Surely, this added metadata can somehow aid us in our reverse engineering process. To see how, we’ll need to understand the implementation details.
NOTE: The following article first appeared in print in issue 0x22 of the International Journal of “Proof Of Concept || GTFO”. It is accompanied by a Binary Ninja plugin.
Control flow integrity protections, with its various implementations, have been the latest iteration of compiler mitigations for memory corruption exploits. They hope to make code reuse attacks more difficult or impossible. Implementation details vary, but all boil down to restricting possible valid targets of indirect calls. LLVM’s is called “Control Flow Integrity,” Grsecurity has “Reuse Attack Protector” and Microsoft’s is called “Control Flow Guard” (CFG).
The core idea behind Microsoft’s CFG is ensuring that function pointers can only point to valid function entry points before being used to perform a function call. The compiler inserts checks that, during runtime, inspect every indirect call instruction and terminate the process if the target isn’t a valid and known function start.
Putting aside the completeness or effectiveness of this mitigation, let’s ask whether we can glean some extra information about the code itself by the presence of these checks.
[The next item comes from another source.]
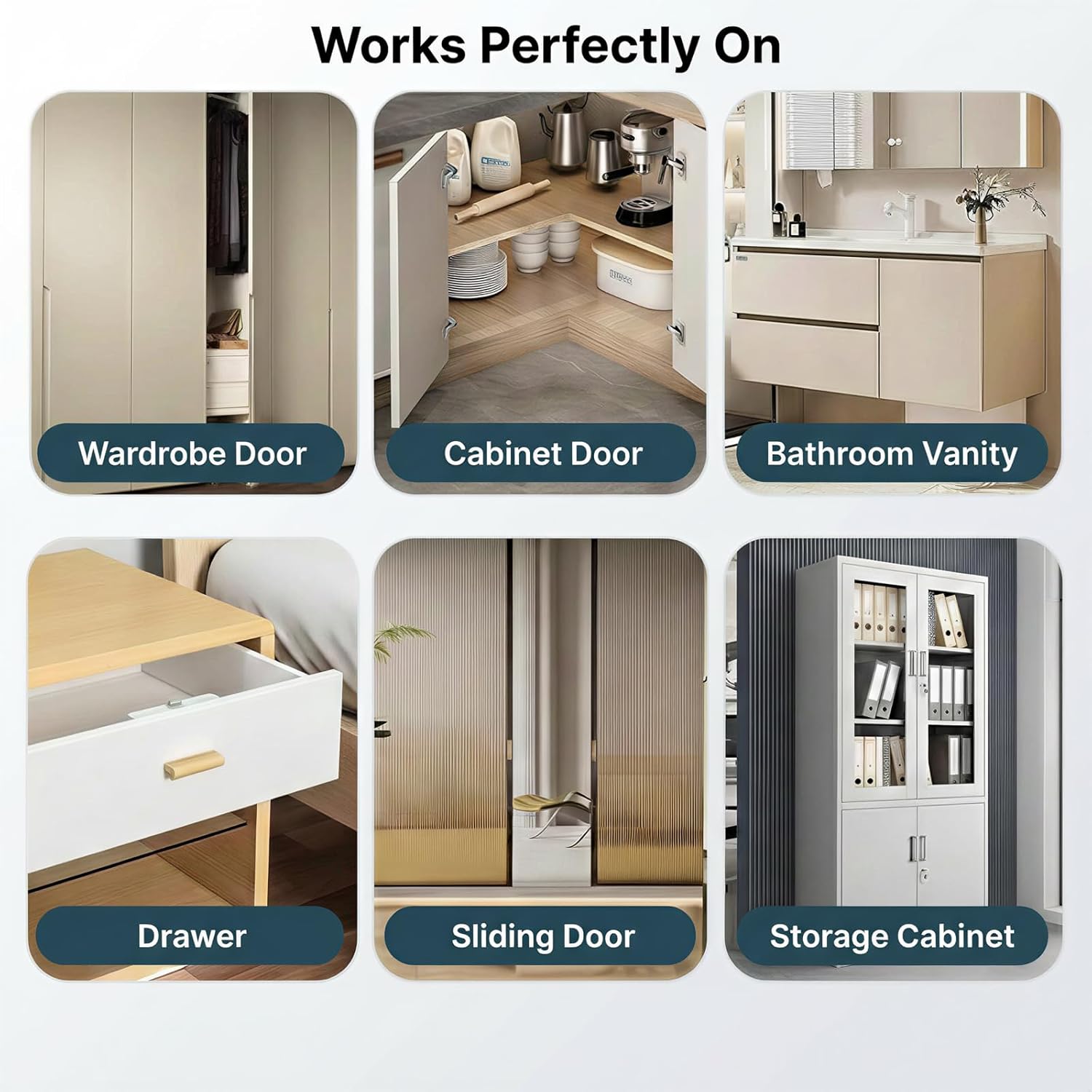 10 Pack Cabinet Magnets for Closure, Ultra Thin 0.08in Magnetic Door Catch with Double Side Adhesive Tapes, Baby Proofing Magnetic Cabinet Door Latch for Bathroom Vanity, Drawer, Closets, Silver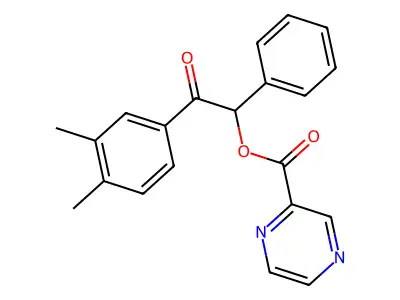 2-(3,4-Dimethylphenyl)-2-oxo-1-phenylethyl 2-pyrazinecarboxylate structure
As Deroko points out in Control Flow Guard Instrumentation,1 CFG mechanisms can serve as a way to hook all indirect calls in a binary without specifically looking for them in advance. They can also precisely identify function entry points, which is not always a trivial task.
Extended Flow Guard is introduced as a compiler extension that can be
enabled via /guard:xfg switch that is available in MS’s C and C++
compilers since at least the 19.27.29112 version of Visual Studio 2019.
It hasn’t seen full support or much public use until release of Windows
11. Consider an example:
int test( ){
return 0;
}
int (*cfgTest[1])() = {test};
int main(){
cfgTest[0]();
}
This code has a simple function pointer array cfgTest and makes a call
to test using that function pointer. If compiled with
cl /Zi /guard:xfg simple.c its assembly looks a little odd.
sub rsp, 38h
mov eax, 8
imul rax, 0
lea rcx, cfgTest
mov rax, [rcx+rax]
mov [rsp+38h+var_18], rax
mov r10, 0D30527475E523070h
mov rax, [rsp+38h+var_18]
call cs:__guard_xfg_dispatch_icall_fptr
xor eax, eax
add rsp, 38h
retn
This is some peculiar code. There is no indirect call to function
test, rather there’s a call to __guard_xfg_dispatch_icall_fptr with
certain arguments. The function pointer is actually saved in rax and
an odd-looking constant is moved into r10 before
__guard_xfg_dispatch_icall_fptr is called. This odd-looking constant
is what we will call an XFG hash. Interestingly, if we take a look at
test function’s prologue on page , we’ll see (almost) the same data.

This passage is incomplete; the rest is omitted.